2. they didn’t sell her, they gave her away.
“girls as young as 13 are given away to stave off poverty”
Watch commercials for “Save the Children” and other similar ads for “African relief”. The children are wasting away but the parents aren’t. Too bad they didn’t “give her away”. Maybe she would have been taken care of.
At most, drought may have an effect, not global warming, but we all know that CO2 promotes crop growth, not retard it. So we should criticize this article for stupidly pushing for CO2 reductions, right?
Is there any evidence that “climate change” or increased CO2 in the atmosphere is causing an increase in crop failures in Africa, or increased flooding, or increased drought? Did Gethin Chamberlain provide such evidence in his article, or did he just assume it?
Louis November 26, 2017 at 1:22 pm
Is there any evidence that “climate change” or increased CO2 in the atmosphere is causing an increase in crop failures in Africa, or increased flooding….”
Almost certainly, no. Probably all the global data (e.g. average lifespan, food produced per head of population) show increases over recent decades.
The example given was Malawi. It just happens that, a couple of years ago, I had a brief email conversation with a Church of England bishop. When I asked him for a specific event made worse by climate change, he cited the floods in Malawi, in the previous January. Here’s my WUWT post from two years ago:
*******************************************************************************************************************
This summer I exchanged two emails with a Church of England bishop, and it is relevant to this thread.
A few months ago the Daily Telegraph printed a letter from a group of religious leaders, including the bishop. The letter claimed that already the poor were suffering from a changing climate.
I emailed the bishop, asking what his justification for that claim was.

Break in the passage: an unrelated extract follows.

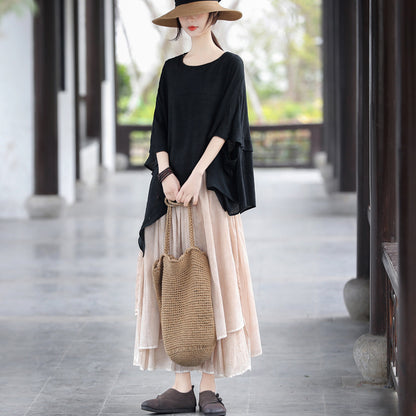 Casual Irregular Summer Linen Women Blouses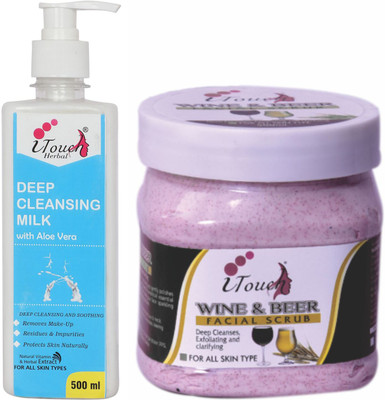 I TOUCH HERBAL WINE AND BEER SCRUB 500 ML AND DEEP CLEANSING MILK 500 ML (PACK OF 2 X 500 ML )(2 Items in the set)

To his credit, the bishop did reply. As evidence he gave a link to the NOAA, a list of recent storms and floods. In my reply I pointed out that a list of storms proves nothing, as there have always been storms. Some of the storms were tornadoes and hurricanes. I pointed out that the data showed no increase in tornadoes and that average hurricane intensity has been falling for decades.
I then asked him to give me a concrete example of how the poor are suffering from a changing climate.
Again, to his credit, the bishop replied and gave a concrete example: the storms and floods that had occurred in Malawi in January of this year. But of course he gave no justification for thinking it had been made worse by global warming.
I managed to locate data for a Malawi weather station (Chileka) that had almost unbroken precipitation data from 1930. You can see the plot here:
What a surprise! There is no trace of any long term trend that could remotely be linked to global warming. Ironically, the data for 1930 (the first group on the left, multiply the number by ten to get the year) showed slightly greater rainfall. According to the data, in 1967 there was more than 2 meters of rainfall in one day, an event of biblical proportions. The data clearly shows that the bishop’s claim is nonsense. I doubt if he ever looked at the data to see if there was a trend. Obviously, if there’s no trend it isn’t happening.
It will be interesting to look at rainfall data for Zambia.
I would suggest that, if anyone makes alarming statements about climate change and specific storms, and if there is no supporting data for the claim, then it is close to a criminal act. It is the moral equivalent of shouting fire in a crowded cinema.
The bishop makes a big thing about the poor. What sickening hypocrisy. It is precisely the policies, of which the bishop no doubt approves, that is the biggest threat to the poor countries of the world.
Mount Agung
http://www.bbc.co.uk/news/world-asia-42126284
Bali volcano activity prompts ‘red warning’
These are smaller ash cloud eruptions coming from Agung. Common enough in Indonesia. The last time Agung erupted in 1963, it was a few months of this kind of low level activity before the VEI 5 eruption happened. So, we still have to wait.
Interesting to see this pic from yesterday of a guy ploughing his field with oxen while Agung erupts in the background. This is exactly the problem this article is about. This guy can not compete with modern farming. He should give up and do something else and trade his labour for the efficiently produced food done by someone else.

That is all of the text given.